Aスチームコンベクションオーブン、ドアタイプの食器洗浄機、業務用IH、能力の大きい製氷機などは、三相200Vを前提とする機種が主流です。引込のない物件では数十万円規模の工事が発生することがあるため、物件契約の前に確認してください。
Qシンクは二槽と三槽のどちらが必要ですか?
A保健所検査では二槽+手洗い器が標準ですが、所轄の保健所によっては三槽シンクを指定されます。食器洗浄機を1槽として扱えるかにも地域差があるため、管轄の保健所への事前相談をおすすめします。手洗い設備と扉付き収納は、どの業態でも要件になります。
Q厨房機器は中古で揃えても大丈夫ですか?
Aシンク・作業台・吊戸棚などの造作類は中古で問題になりにくい一方、製氷機・食器洗浄機のように稼働部と水を扱う機器は、故障したときに営業が止まるリスクを踏まえて判断してください。LPGと都市ガスは器具の仕様(ノズル・調整器)が異なり、後から変更できない機種もあるため、ガス機器を中古で買う場合はガス種の指定が必須です。
Q診断結果だけで発注してよいですか?
Aいいえ。本ツールの面積判定は、機器の設置寸法を単純に合計して厨房面積と比較した参考値です。「配置可能」と出ても図面上で入らないことがあり、逆に「配置注意」でもレイアウトの工夫で収まる場合があります。金額も代表的な機種の相場に基づく概算で、実売価格ではありません。確定させるには厨房レイアウト図と設備総容量リストが必要です。
まとめこの記事の要点
- 厨房機器一式は20席規模で新品150〜300万円、中古中心なら60〜130万円(本体価格のみ)。工事費と内装費は別途。

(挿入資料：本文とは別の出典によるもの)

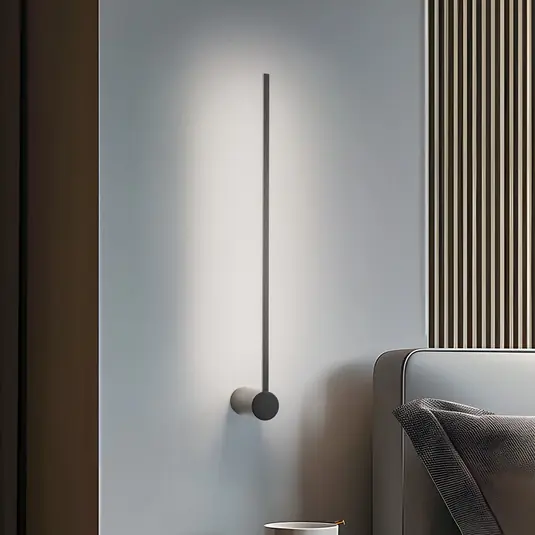Odeslání Ihned LED nástěnné světlo Arm M, výška 65 cm, černé, kov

- 厨房面積は延床の3分の1が目安。ただし寸法が収まっても、間口・柱・梁・給排水の位置で配置できないことがある。
- 三相200Vとシンクの槽数は、物件契約と着工の前に確認する。あとから変えると費用が跳ね上がる。
- 中古は造作類なら問題になりにくい。稼働部と水を扱う機器は、止まったときの損失で判断する。
- 診断結果は参考値。確定させるには厨房レイアウト図と設備総容量リストが必要。
ここに挙げた6つは、実際に相談を受けるなかで繰り返し聞かれてきた質問です。共通しているのは、どれも「物件を決める前」に答えを持っておきたいものだということ。契約してからでは選べる範囲が一気に狭くなります。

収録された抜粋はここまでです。